Accepting nebulosity resolves confusions about meaning

Clouds are not so bad, after all..

The core of this book is a method for resolving confusions about meaningness.

The method can be applied to many sorts of issues. Any topic that involves meaning and meaninglessness I call a “dimension of meaningness.” (These include, for instance, ethics, purpose, and value.)

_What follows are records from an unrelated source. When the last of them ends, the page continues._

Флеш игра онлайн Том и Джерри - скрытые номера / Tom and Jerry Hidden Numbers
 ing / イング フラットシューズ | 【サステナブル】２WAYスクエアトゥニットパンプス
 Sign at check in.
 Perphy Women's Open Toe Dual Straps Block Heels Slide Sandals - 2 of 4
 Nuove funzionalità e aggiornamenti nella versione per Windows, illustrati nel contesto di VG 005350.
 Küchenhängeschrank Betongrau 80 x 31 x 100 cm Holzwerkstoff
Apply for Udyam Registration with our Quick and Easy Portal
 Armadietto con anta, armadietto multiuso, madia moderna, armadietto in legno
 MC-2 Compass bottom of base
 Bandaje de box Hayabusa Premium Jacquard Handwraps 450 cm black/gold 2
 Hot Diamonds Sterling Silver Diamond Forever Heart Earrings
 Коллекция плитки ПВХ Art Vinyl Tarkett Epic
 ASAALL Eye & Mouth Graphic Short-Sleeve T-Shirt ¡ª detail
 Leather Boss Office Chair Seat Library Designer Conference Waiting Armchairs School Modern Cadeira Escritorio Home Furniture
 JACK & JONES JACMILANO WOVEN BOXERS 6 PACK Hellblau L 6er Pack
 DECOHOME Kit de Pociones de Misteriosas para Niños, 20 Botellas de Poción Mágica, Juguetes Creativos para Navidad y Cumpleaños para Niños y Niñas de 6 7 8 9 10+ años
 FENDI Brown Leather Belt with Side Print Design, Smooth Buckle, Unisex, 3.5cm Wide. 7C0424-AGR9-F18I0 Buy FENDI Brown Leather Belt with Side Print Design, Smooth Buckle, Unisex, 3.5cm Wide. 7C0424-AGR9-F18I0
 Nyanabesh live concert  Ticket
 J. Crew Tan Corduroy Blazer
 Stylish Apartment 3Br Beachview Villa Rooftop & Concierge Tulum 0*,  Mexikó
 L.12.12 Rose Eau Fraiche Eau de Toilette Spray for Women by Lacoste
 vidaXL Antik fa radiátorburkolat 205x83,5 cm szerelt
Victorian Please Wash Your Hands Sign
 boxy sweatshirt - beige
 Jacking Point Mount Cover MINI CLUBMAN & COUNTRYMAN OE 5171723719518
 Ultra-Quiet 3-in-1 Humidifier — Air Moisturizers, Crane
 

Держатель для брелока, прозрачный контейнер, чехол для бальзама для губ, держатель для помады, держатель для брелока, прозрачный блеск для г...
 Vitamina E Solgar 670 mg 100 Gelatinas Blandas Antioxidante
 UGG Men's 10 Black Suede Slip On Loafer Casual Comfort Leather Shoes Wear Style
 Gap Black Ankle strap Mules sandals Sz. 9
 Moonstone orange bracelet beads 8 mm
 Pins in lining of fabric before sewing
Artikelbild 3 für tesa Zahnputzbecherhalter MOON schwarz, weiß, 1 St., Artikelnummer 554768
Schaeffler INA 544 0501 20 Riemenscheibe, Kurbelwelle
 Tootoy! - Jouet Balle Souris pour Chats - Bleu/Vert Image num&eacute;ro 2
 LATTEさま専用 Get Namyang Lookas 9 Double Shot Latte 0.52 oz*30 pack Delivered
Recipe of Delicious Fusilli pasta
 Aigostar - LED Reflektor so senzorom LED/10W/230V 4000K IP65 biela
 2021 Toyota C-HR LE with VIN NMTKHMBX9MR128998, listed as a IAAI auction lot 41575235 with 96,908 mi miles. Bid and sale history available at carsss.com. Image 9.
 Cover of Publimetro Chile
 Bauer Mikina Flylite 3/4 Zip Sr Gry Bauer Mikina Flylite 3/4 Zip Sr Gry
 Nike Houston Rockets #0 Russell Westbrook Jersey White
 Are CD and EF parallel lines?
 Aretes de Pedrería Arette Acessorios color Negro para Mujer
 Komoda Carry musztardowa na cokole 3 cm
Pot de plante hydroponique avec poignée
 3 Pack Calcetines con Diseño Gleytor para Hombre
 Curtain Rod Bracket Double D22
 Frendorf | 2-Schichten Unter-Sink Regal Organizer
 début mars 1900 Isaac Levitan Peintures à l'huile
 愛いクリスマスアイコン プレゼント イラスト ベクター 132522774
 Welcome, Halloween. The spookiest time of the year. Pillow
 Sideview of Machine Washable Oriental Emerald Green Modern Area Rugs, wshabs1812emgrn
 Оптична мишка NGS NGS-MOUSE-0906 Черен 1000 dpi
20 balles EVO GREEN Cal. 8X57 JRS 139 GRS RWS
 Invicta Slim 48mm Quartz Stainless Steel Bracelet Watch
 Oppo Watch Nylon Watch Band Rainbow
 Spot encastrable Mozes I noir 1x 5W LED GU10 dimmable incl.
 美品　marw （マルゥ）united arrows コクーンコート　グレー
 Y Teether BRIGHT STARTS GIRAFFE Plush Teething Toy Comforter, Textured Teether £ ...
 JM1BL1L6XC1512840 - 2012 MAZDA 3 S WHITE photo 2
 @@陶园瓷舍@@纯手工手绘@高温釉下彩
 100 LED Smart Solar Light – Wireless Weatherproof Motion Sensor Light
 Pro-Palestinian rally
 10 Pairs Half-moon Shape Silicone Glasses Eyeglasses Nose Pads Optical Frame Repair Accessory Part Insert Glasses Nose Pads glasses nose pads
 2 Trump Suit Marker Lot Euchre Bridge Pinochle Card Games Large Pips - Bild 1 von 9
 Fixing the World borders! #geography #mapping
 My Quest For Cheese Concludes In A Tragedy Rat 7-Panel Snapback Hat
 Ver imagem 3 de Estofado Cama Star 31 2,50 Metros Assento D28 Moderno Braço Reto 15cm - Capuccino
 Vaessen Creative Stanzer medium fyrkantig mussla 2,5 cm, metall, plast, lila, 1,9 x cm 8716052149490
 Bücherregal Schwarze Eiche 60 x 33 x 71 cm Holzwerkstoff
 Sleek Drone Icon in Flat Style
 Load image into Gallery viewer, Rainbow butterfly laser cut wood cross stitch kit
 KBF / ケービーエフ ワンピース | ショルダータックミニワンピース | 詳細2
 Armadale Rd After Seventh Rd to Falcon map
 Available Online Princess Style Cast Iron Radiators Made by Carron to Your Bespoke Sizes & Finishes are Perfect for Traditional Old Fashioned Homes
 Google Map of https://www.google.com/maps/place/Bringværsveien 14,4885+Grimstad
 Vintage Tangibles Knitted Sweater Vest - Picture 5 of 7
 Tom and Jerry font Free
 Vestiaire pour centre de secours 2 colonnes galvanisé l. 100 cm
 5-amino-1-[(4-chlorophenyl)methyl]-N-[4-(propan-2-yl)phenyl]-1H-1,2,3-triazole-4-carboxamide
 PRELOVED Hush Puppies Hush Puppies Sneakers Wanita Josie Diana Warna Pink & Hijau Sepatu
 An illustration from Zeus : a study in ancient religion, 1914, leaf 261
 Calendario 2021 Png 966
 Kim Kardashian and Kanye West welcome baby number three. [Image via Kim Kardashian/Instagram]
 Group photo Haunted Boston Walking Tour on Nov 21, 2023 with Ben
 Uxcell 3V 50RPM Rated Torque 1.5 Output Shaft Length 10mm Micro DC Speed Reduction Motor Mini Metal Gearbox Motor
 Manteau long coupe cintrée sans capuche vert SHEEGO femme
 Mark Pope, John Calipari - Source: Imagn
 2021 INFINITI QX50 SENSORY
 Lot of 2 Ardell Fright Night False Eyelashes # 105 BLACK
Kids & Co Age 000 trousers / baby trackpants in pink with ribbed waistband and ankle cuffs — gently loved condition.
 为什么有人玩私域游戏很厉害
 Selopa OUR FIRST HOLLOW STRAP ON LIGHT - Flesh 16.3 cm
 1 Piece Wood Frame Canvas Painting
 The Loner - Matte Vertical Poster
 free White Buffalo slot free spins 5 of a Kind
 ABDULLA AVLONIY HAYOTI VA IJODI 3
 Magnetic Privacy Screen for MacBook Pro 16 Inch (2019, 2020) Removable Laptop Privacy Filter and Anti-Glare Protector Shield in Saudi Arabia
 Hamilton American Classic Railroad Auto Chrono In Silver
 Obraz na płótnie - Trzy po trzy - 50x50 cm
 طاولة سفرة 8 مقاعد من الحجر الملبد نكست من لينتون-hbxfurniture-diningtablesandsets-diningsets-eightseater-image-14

For any dimension, the method asks:

  • How does nebulosity affect the subject? That is, what makes the issue ambiguous, uncertain, changeable, or impossible to categorize?
  • Why is this nebulosity unattractive? What negative emotions does it provoke?
  • How are fixation and denial used to avoid acknowledging nebulosity? These two strategies try to nail the issue in place, or deny that it exists at all. They produce pairs of “confused stances,” or wrong attitudes to the subject. Why are fixation and denial appealing in this area?
  • How do fixation and denial fail? (You cannot nail clouds down, but they are still real.) What are the consequences of this failure?
  • Consider the possibility that the nebulosity is unavoidable. This means abandoning fixation and denial. It produces the “complete stance” for this dimension of meaningness. What are the consequences of the complete stance?
  • Typically, the complete stance is actually better than the confused ones, but it seems less attractive. How can one overcome this emotional barrier, in order to adopt the complete stance?

This explanation may seem conceptual and abstract at this point. I hope soon to give you an experiential, concrete understanding of it, as well.

This book is meant to be practically useful. Most of it consists of detailed applications of the method to many different dimensions of meaningness.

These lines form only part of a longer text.